***** Raw data
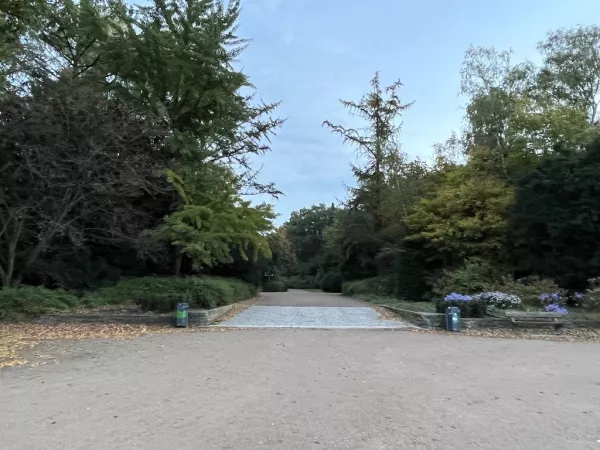 Stadtpark Hamburg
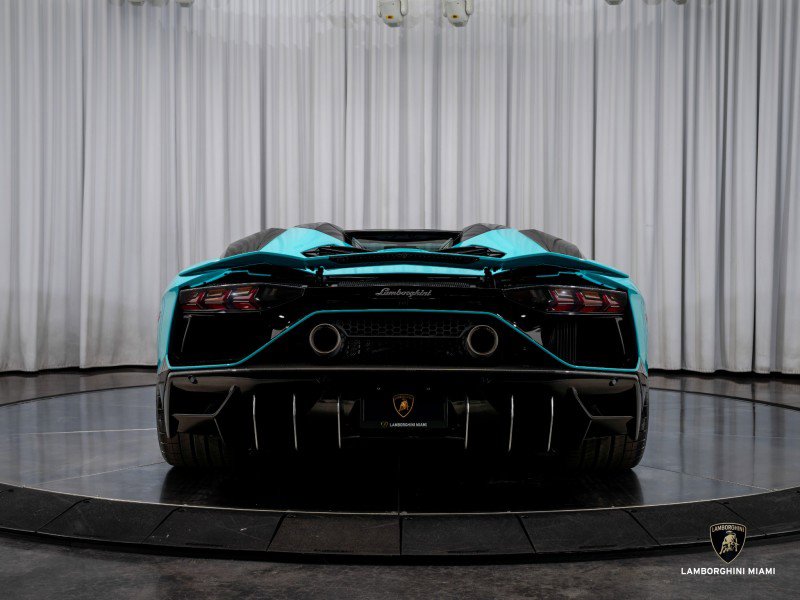 Used 2022 Lamborghini Aventador LP 780-4 Ultimae image 33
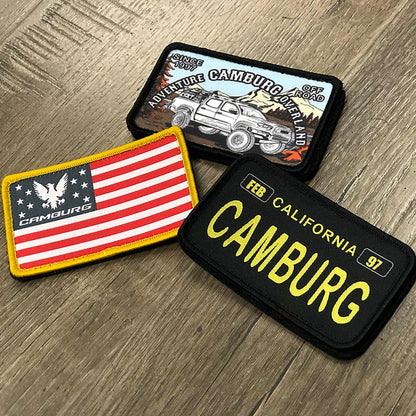 Camburg Patch Kit CAM-030180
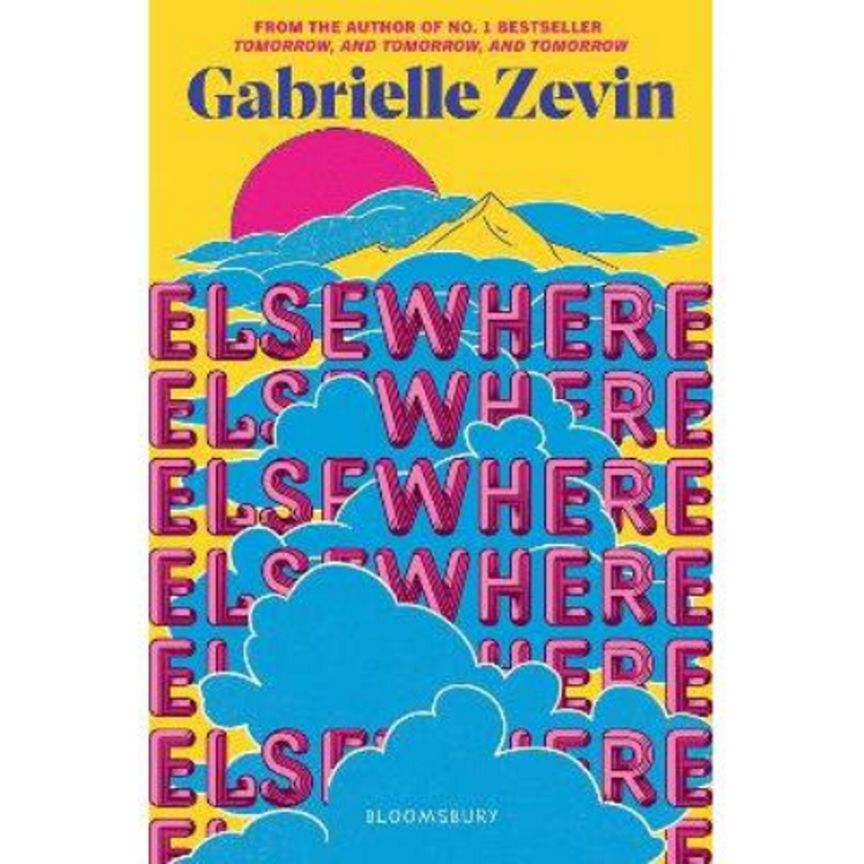 Paperback Elsewhere by Gabrielle Zevin GOODS ASDA   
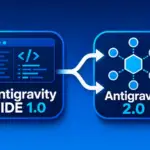 Antigravity と Antigravity IDE の違い。2.0 でブランドと製品が分離
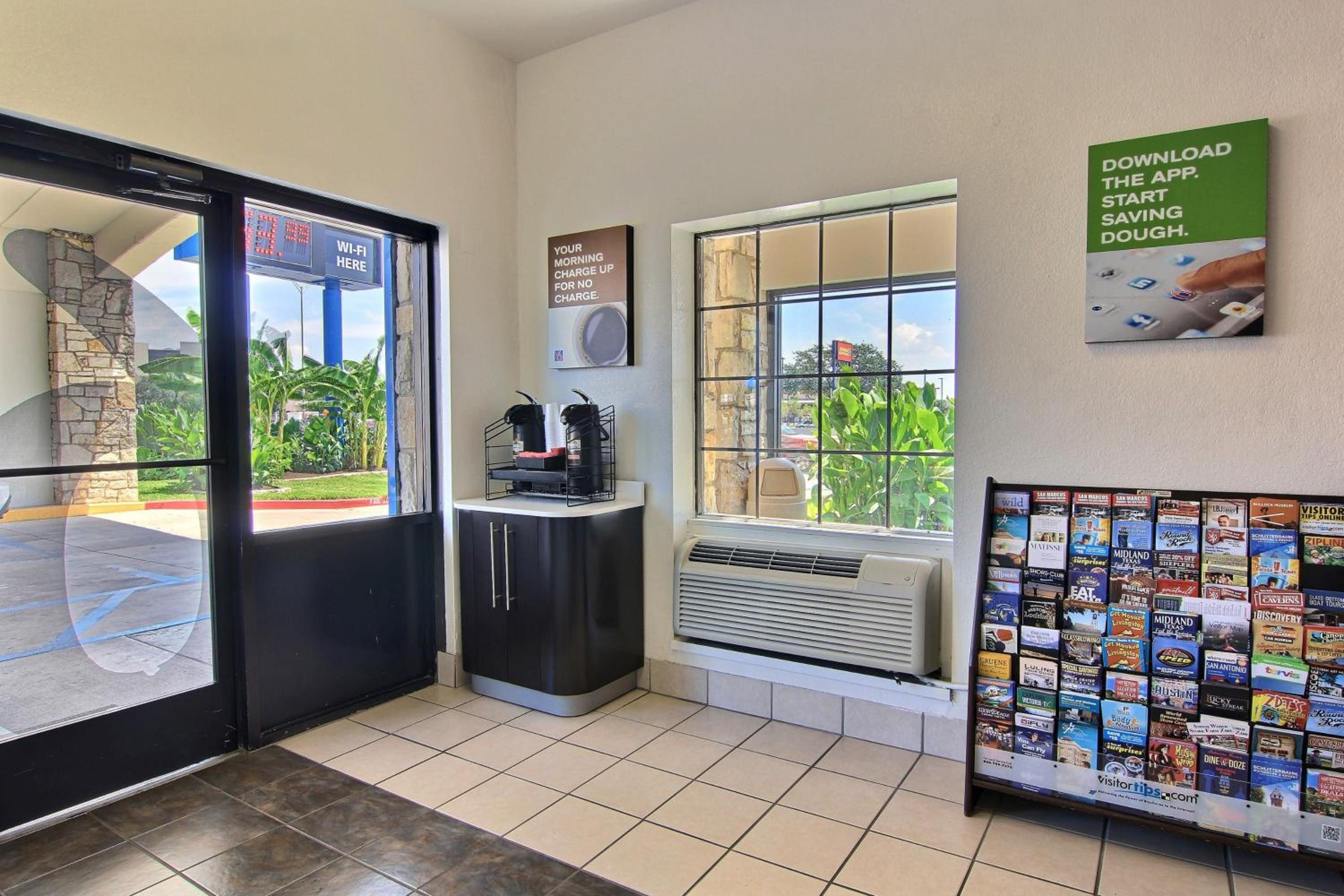 Motel 6 Austin, TX - Central Downtown UT, 사진 56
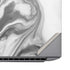 Grey Marble Ink HP ZBook Fury 16 G10 Skin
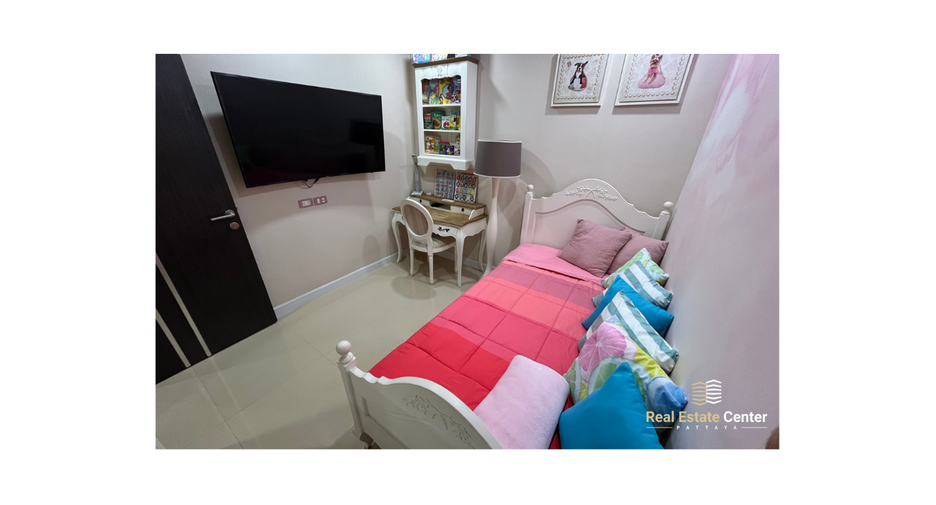 For sale 2 bedrooms condo in Bang Lamung, Chonburi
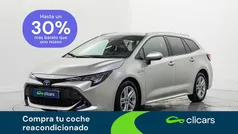 Usado 2019 Toyota Corolla Active Familiar | 17.990 € (Precio justo)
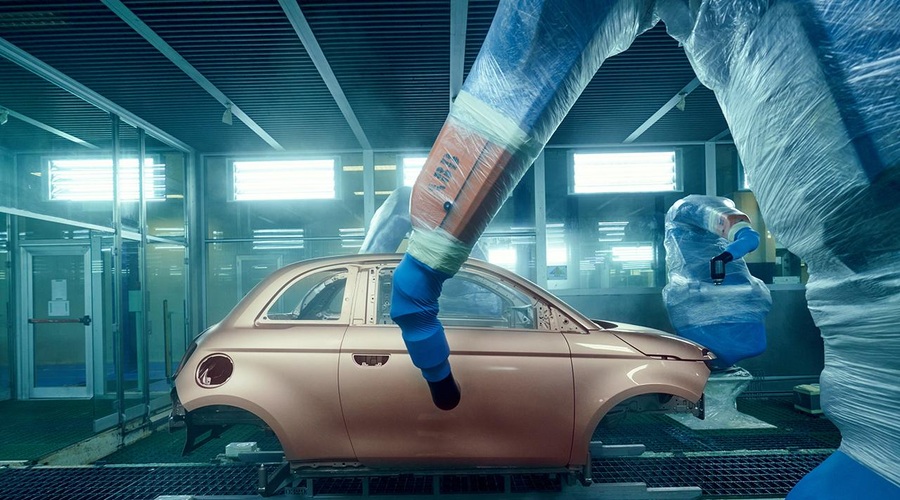 To bo še zanimivo - Kitajci selijo proozvodnjo tudi v Evropo - in sodelovali bodo z enim največjih koncernov ... (foto: Fiat)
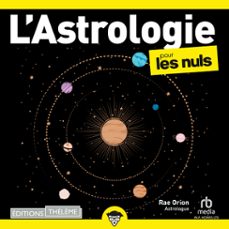 l'astrologie pour les nuls (audiolibro)-rae orion-9781004122394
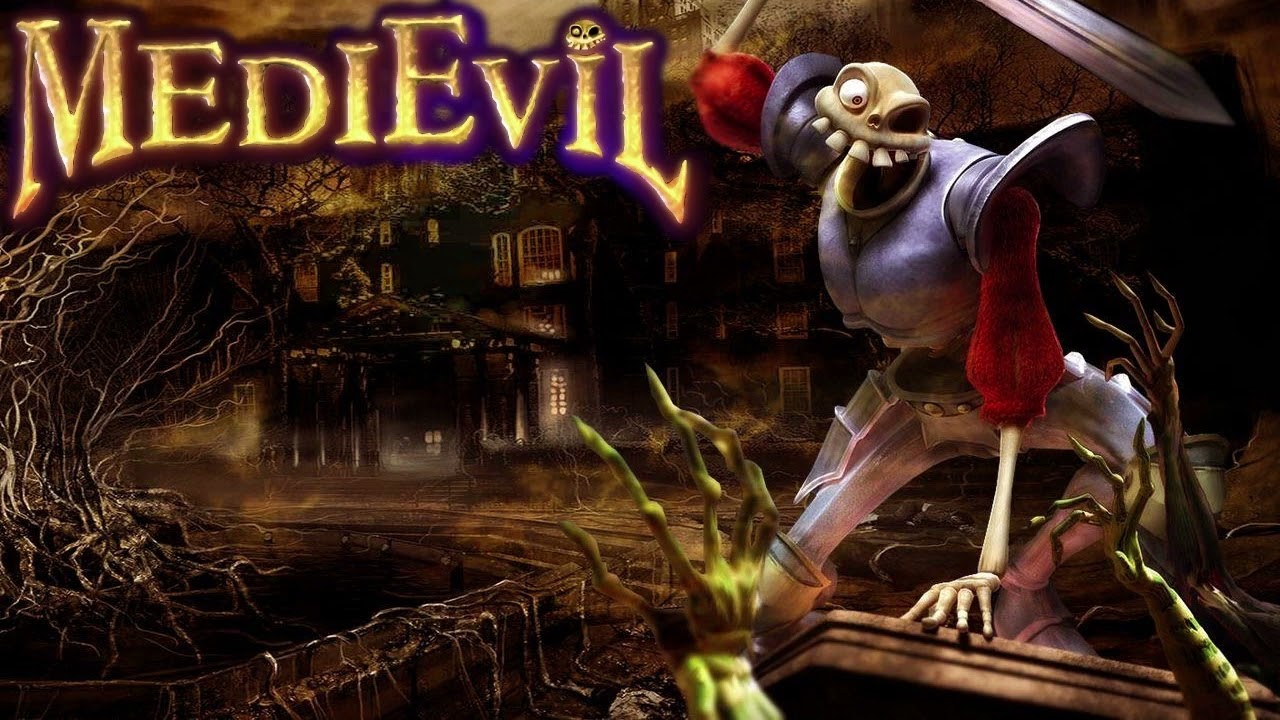 The Crystal Caves - MediEvil Music Extended
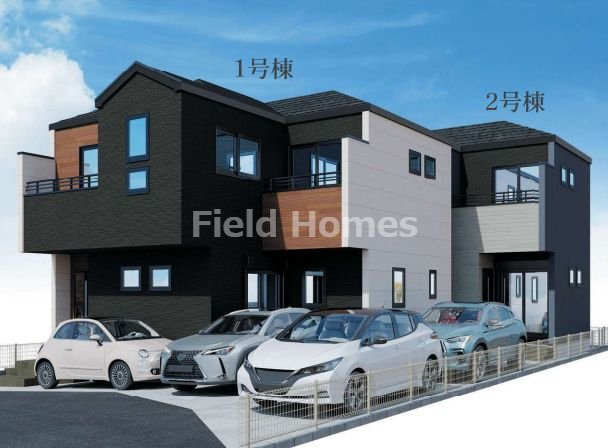 茅ヶ崎市南湖4丁目新築戸建て　5期2号棟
**********
_Assignment_: Although the records above contain pictures, only their text is to be repeated, exactly as given.

_Task answer_:
 Stadtpark Hamburg
 Used 2022 Lamborghini Aventador LP 780-4 Ultimae image 33
 Camburg Patch Kit CAM-030180
 Paperback Elsewhere by Gabrielle Zevin GOODS ASDA   
 Antigravity と Antigravity IDE の違い。2.0 でブランドと製品が分離
 Motel 6 Austin, TX - Central Downtown UT, 사진 56
 Grey Marble Ink HP ZBook Fury 16 G10 Skin
 For sale 2 bedrooms condo in Bang Lamung, Chonburi
 Usado 2019 Toyota Corolla Active Familiar | 17.990 € (Precio justo)
 To bo še zanimivo - Kitajci selijo proozvodnjo tudi v Evropo - in sodelovali bodo z enim največjih koncernov ... (foto: Fiat)
 l'astrologie pour les nuls (audiolibro)-rae orion-9781004122394
 The Crystal Caves - MediEvil Music Extended
 茅ヶ崎市南湖4丁目新築戸建て　5期2号棟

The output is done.